That's really misguided. Go is not a functional programming language, it's an imperative programming language. You're going against its design. You're like these people who write Java and "class hierarchies" in Go, just from a different angle. If you like FP you should use Haskell instead of Go. I say this as a fan of Go.
I don't think things are that simple. I like functional programming, but I also like good tooling, having a rich ecosystem, job opportunities, backward compatibility, simplicity, people to talk to. There are lots of things that can weigh on your choice of language. Semi-functional Go might be the sweet spot for some people, and absolute hell for others.
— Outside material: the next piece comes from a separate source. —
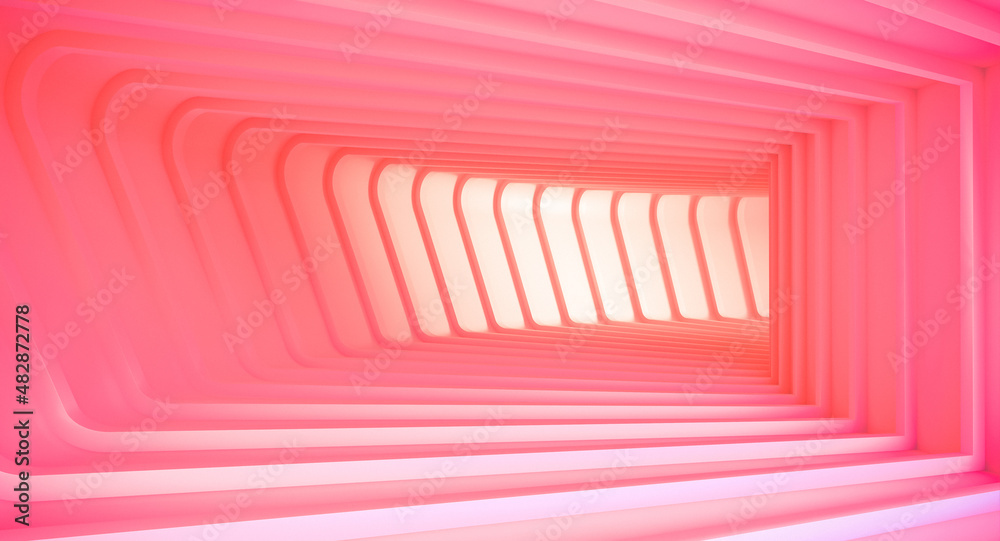 Fototapeta premium pink structure with architectural arches.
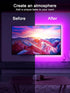 GIPOYENT TV Light Strip, Music Sync LED TV Backlight, for 32-50 Inch TV, LED TV Light with Bluetooth Function - RGB Color Changing Light Strip for...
In Go or in general? I've written code for companies with 50k+ concurrent writing users, I've bootstrapped and scaled and sold a startup on Scala (which has bad performance b/c of immutable lists but with usual list <100 elements no problem) and I haven't seen this in other languages, but I'm not experienced enough in Go and haven't deployed something major in Go yet.
Thanks for the tip, I've written code for 40+y and have been paid in 10+ languages, I'm writing the code that I think is easiest to maintain for the years coming in the language I consider the best for the job.
The linked comment was about an implementation of partition with the specific problem of allocating too many slices in the opinion of the author. It was not about lo in general, did not help or shared any performance numbers E.g. for a size of a usual lists of <50 elements with filter() or the use case of three chunks, that people use when writing web applications (which I do, I don't write a database in Go - something the author could have found out my asking instead of assuming).
There's no ergonomic loss to using the faster approach. It's just cargo culting patterns from other languages even though they're less accessible and less performant in Go.
The problem with your comments isn't the context for what you're doing, it's the "40y, scaled and sold" bullshit. That's bragging, not an argument nor context. Or as a senior colleague used to remind me, "shipping is easy if you're willing to ship shit." I'm not here to discuss shipping.